Well, such criticisms are, it seems, as apparent to Odell herself as they are to a critical audience, and in fact the film is constructed in precisely such a way to court them before providing a correction. “The Reunion”’s first half, it turns out, was a film within the film — the second half suddenly pivots to show us Odell, in her apartment, putting the finishing touches on what we’ve just watched. What follows is bequeathed the subheading “The Meetings”, and we soon see why: Odell begins reaching out to her real-life classmates by phone to request that they come to her apartment one by one to watch a film she’s made about their reunion.

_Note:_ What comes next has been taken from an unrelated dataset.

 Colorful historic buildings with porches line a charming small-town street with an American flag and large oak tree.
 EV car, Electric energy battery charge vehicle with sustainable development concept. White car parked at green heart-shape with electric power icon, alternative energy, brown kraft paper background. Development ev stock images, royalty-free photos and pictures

Her class really did have a twenty-year reunion, but Odell, even more an outcast in real life than in the fantasy, isn’t even invited — and this rejection is the impetus for the project as a whole. And so “The Reunion” starts to double back on itself: the classmates show up and watch the film and are interviewed by Odell for their reactions. Her fictional version proves accurate: her classmates are even nastier for real.

As it happens, “The Reunion”’s second half is not a documentary: it is ‘reconstructed nonfiction’, which is to say it is a fictional rendering of events which apparently did happen for real. This approach betrays the depth of Odell’s project. The twist, such as it is, seems less like a gimmick for being more smoothly integrated into the fiction of the whole, while at the same time we’re struck by the veracity of the events taking place. The obvious precedent here is Abbas Kiarostami’s “Close-up”, which likewise used fiction filmmaking as a medium through which real life could be more meaningfully engaged — a mirror, in a sense, through which the truth could be seen but subtly refracted. (“The Reunion”’s methods aren’t quite as sophisticated as Kiarostami’s, of course, but that’s an exceptionally high bar.)

But on the other hand “The Reunion” belongs wholly to its creator — a perceptive and intelligent writer-director and magnetic star, but above all a fascinating subject. That Odell decided to confront an issue this close to her in this fashion betrays, I think, her experience as an artist — it isn’t far removed, in terms of its boldness and capacity to provoke, from her most well-known art project, in which she acted out a mental breakdown on a busy public bridge. That her efforts are so effective, and so affecting, is a testament to the strength of these ideas and the courage of their conviction.